Ретроспективный характер первого раздела романа “позволяет раскрыть истоки образования Левы Одоевцева. Сопоставляя представителей трех поколений рода Одоевцевых — Деда, Отца и Сына, — Битов делает эти образы знаками различных культурно-исторических эпох, сменявших друг друга в жизни общества. Наиболее контрастны в романе фигуры Деда и Отца Одоевцевых. Первый из них — Модест Платонович Одоевцев — олицетворяет высший культурный тип, возникший в России к концу XIX — началу XX в. Он впитал в себя все лучшее, что можно было взять у аристократии, творческой элиты, интеллигенции с ее обостренной чуткостью к нравственному и безнравственному.
Одоевцев-старший в изображении Битова — крупная, внутренне независимая личность из числа тех, кто держит на своих плечах культуру, предохраняет ее от гибели и загнивания, идет неизведанными духовными дорогами. Самостоятельность, нетривиальность, дерзость мысли составляют главное обаяние героя.
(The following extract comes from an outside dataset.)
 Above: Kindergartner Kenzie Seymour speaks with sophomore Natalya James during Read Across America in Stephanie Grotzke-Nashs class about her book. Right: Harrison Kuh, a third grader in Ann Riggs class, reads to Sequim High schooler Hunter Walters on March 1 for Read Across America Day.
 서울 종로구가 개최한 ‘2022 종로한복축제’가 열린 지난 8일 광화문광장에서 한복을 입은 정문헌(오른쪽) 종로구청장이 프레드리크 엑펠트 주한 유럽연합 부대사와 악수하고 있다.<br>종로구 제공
Конфликт ученого с новым режимом — это конфликт выдающегося человека с властью невежества, ортодоксии, деспотии в борьбе за свободу и культуру.
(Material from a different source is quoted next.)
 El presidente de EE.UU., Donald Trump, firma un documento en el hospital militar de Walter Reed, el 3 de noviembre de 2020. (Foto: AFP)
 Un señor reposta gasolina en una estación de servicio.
Хорошо представляя последствия, Модест Платонович Одоевцев выступает против духовного оскопления нации, за что расплачивается каторгой лагеря. Сломать ему жизнь удается, превратить в раба, послушного “механического гражданина” — нет. Развернутый монолог Одоевцева-старшего, наполненный зрелыми, проницательными умозаключениями о природе, обществе, культуре, человеке, — свидетельство неукротимой мощи его духа. И в годы “оттепели” Модест Платонович, как противник декретированного, регламентированного мышления и судья тоталитарного режима, по-прежнему опасен для власти, поэтому выдворен на обочину жизни, обречен на скорое умирание.
Одоевцев-старший — личность исключительная. Но человечество не состоит из одних исключений, все не могут быть подвижниками и героями, в массе своей люди слабы. В условиях геноцида, показывает Битов, интеллигенция начинает перерождаться, утрачивая качества собственно интеллигентности и лишь продолжая их имитировать.
Второй из Одоевцевых — Отец — и воплощает тип интеллигента тоталитарной эпохи, парализованного страхом террора, внутренне раздавленного, сдавшегося на милость победителя. Ценой мимикрии и конформизма он сохраняет жизнь и благополучие, живет во лжи. Расплата за отступничество и соглашательство — духовное самоубийство: стирание индивидуальности, научное бесплодие, безнравственность. И хотя совершившееся перерождение маскируется традиционными атрибутами академической благопристойности, перед нами уже не интеллигент в исконном значении этого слова, а советский интеллигент. Советский — значит несвободный, не имеющий возможности безбоязненно мыслить, быть нравственным, загнанный в рамки жестких идеологических требований, привыкший к тому, что его дух находится в смирительной рубахе.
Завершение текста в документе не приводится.